• Material supplied
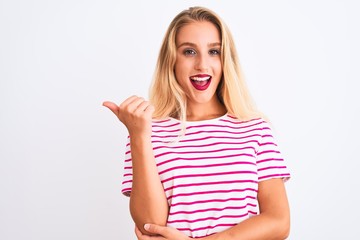 Young beautiful woman wearing pink striped t-shirt standing over isolated white background smiling with happy face looking and pointing to the side with thumb up.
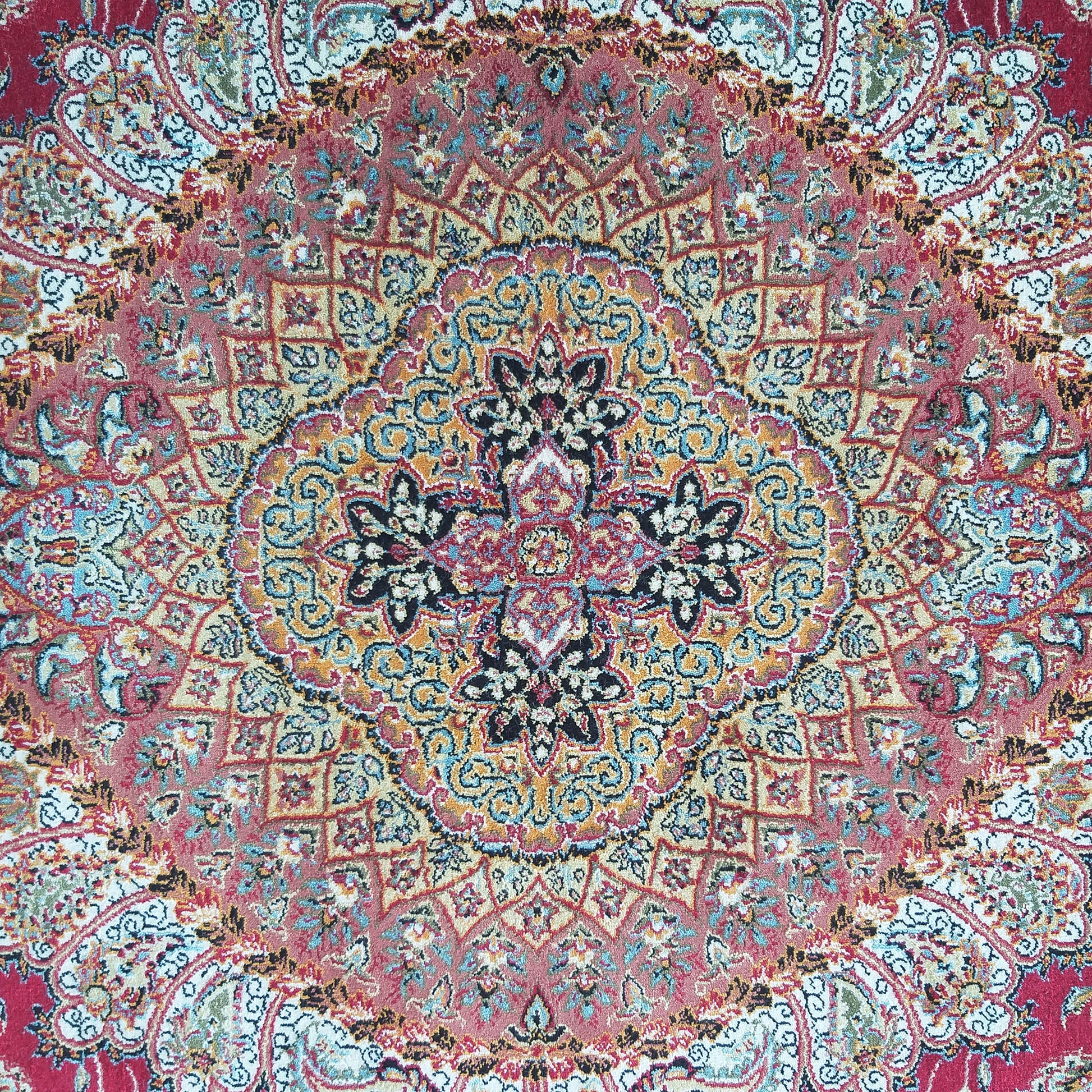 Tapis à motifs floraux et géométriques complexes. Dominante rouge et or avec détails bleus, noirs et crème au centre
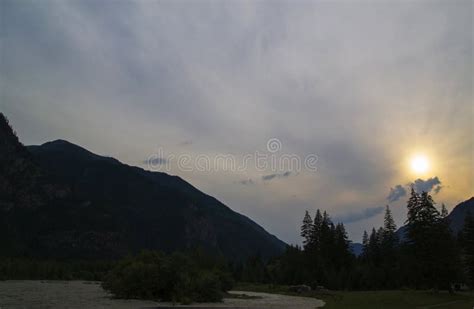 Storm Dark Clouds Over Mountain River Valley With Grass And Rocks Stock
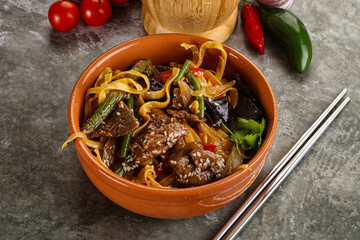 Asian wok with noodle, vegetables and beef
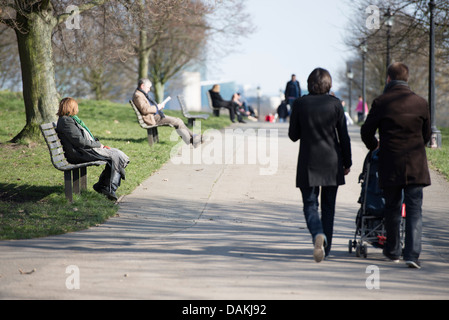 Les gens se détendre sur des bancs de parc sur Primrose Hill, Londres Banque D'Images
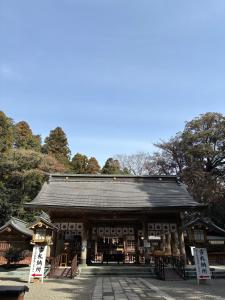 a building with signs in front of it at 杜の酵素808 in Takaharu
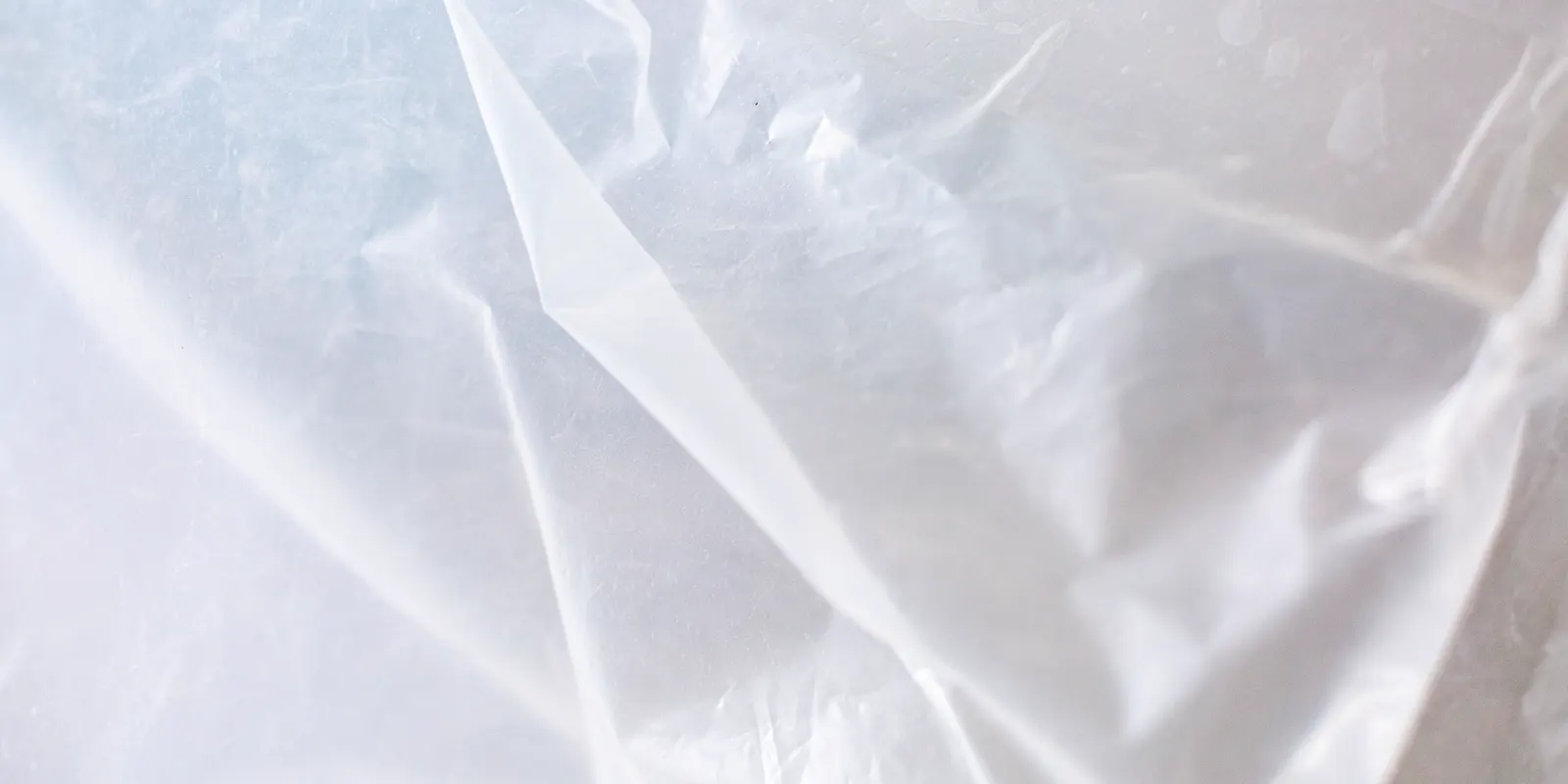 Close up of transparent plastic sheeting laid as a moisture barrier, luxury vinyl plank flooring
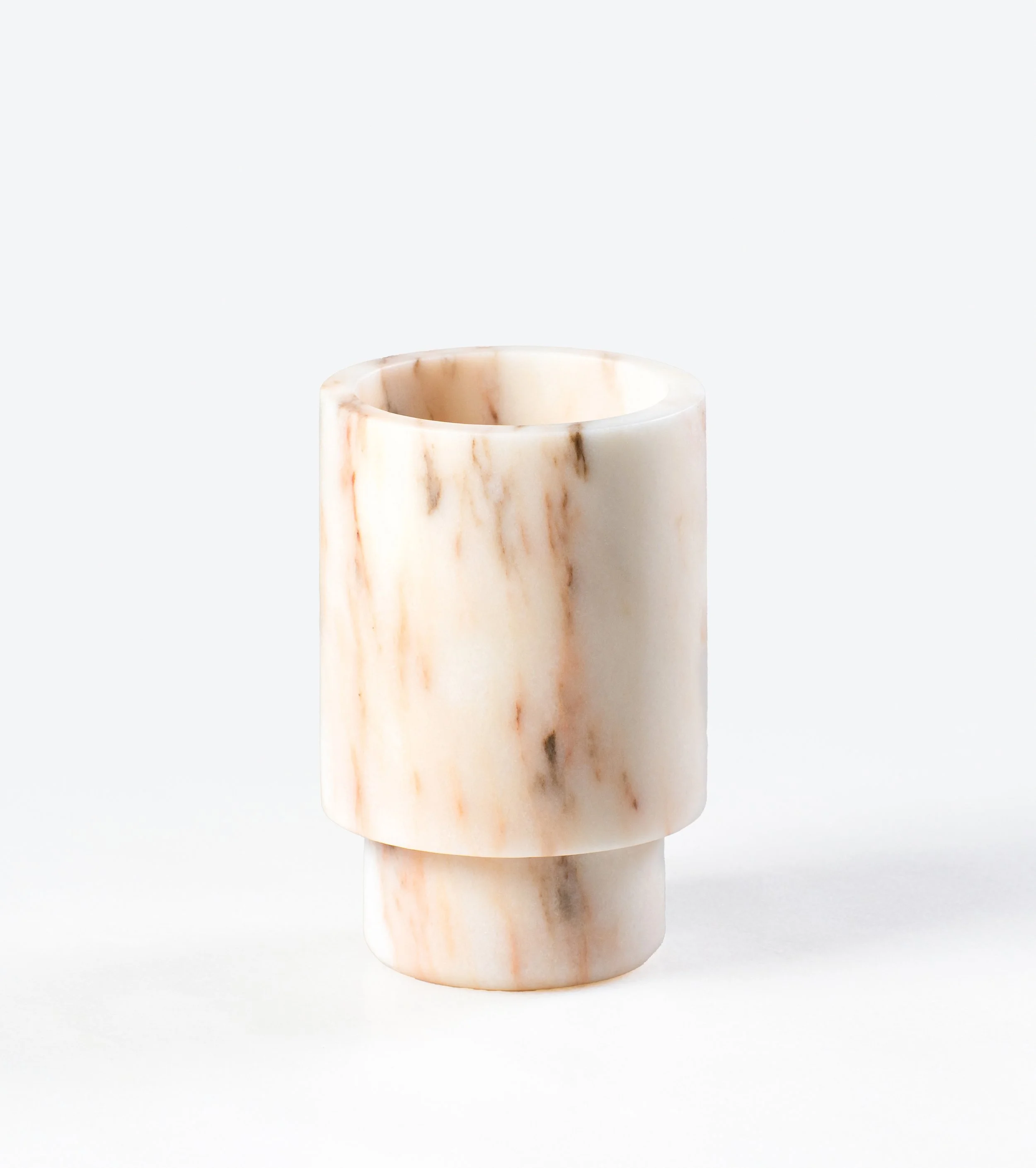 Close-up of a cylindrical marble object with brown and orange veining, set against a white background.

• About this exercise
Exactly and only the lines from the top of the records down to the line containing "Tapis à motifs" should be transcribed, please, without the pictures.

• Result for this task
 Young beautiful woman wearing pink striped t-shirt standing over isolated white background smiling with happy face looking and pointing to the side with thumb up.
 Tapis à motifs floraux et géométriques complexes. Dominante rouge et or avec détails bleus, noirs et crème au centre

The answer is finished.